Supplied data:
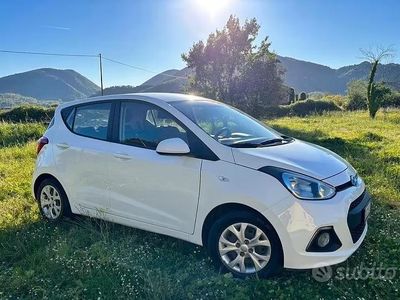 Usata Hyundai i10 67 CV (49 kW) 2014 Bianco Utilitaria
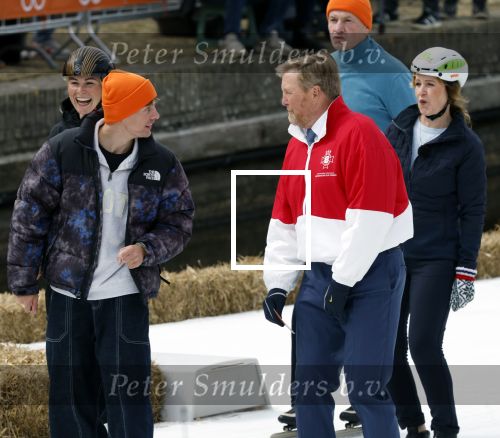Dokkum 27 april 2026
Koningsdag is dit jaar in Dokkum . Namens de koninklijke familie zijn aanwezig : Koning Willem Alexander Koningin Maxima Prinses Amalia Prinses Alexia Prinses Ariane Prins Constantijn Prinses Laurentien Prins Maurits Prinses Marilene Prins Bernhard Prins Floris Prinses Aimee Prins Pieter Christiaan en Prinses Anita . Jens v t Wout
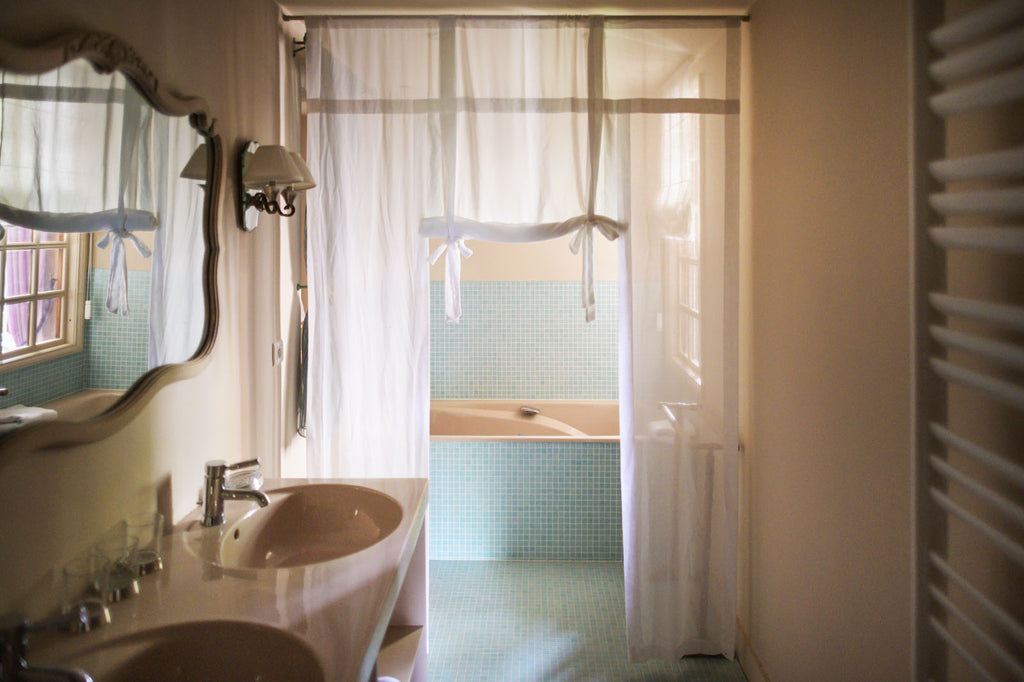 Salle de bain de la chambre violette, chambre d'hôtes au Château Armand Heitz en Bourgogne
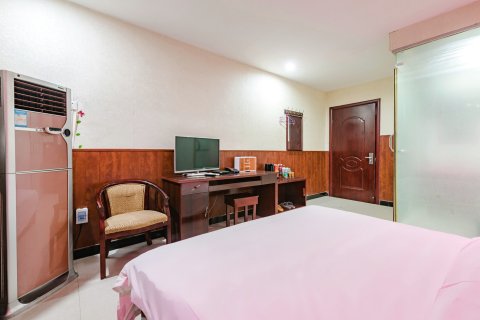 鄢陵皇朝商务宾馆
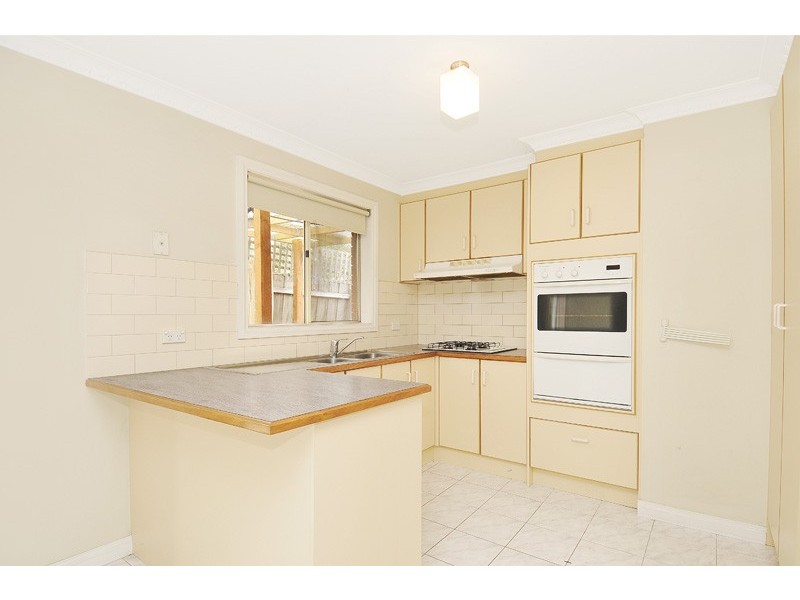 3/76B Purinuan Road, Reservoir VIC 3073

Task instructions:
Without any of the pictures, reproduce the listing above exactly.

Solution to the problem:
 Usata Hyundai i10 67 CV (49 kW) 2014 Bianco Utilitaria
Dokkum 27 april 2026
Koningsdag is dit jaar in Dokkum . Namens de koninklijke familie zijn aanwezig : Koning Willem Alexander Koningin Maxima Prinses Amalia Prinses Alexia Prinses Ariane Prins Constantijn Prinses Laurentien Prins Maurits Prinses Marilene Prins Bernhard Prins Floris Prinses Aimee Prins Pieter Christiaan en Prinses Anita . Jens v t Wout
 Salle de bain de la chambre violette, chambre d'hôtes au Château Armand Heitz en Bourgogne
 鄢陵皇朝商务宾馆
 3/76B Purinuan Road, Reservoir VIC 3073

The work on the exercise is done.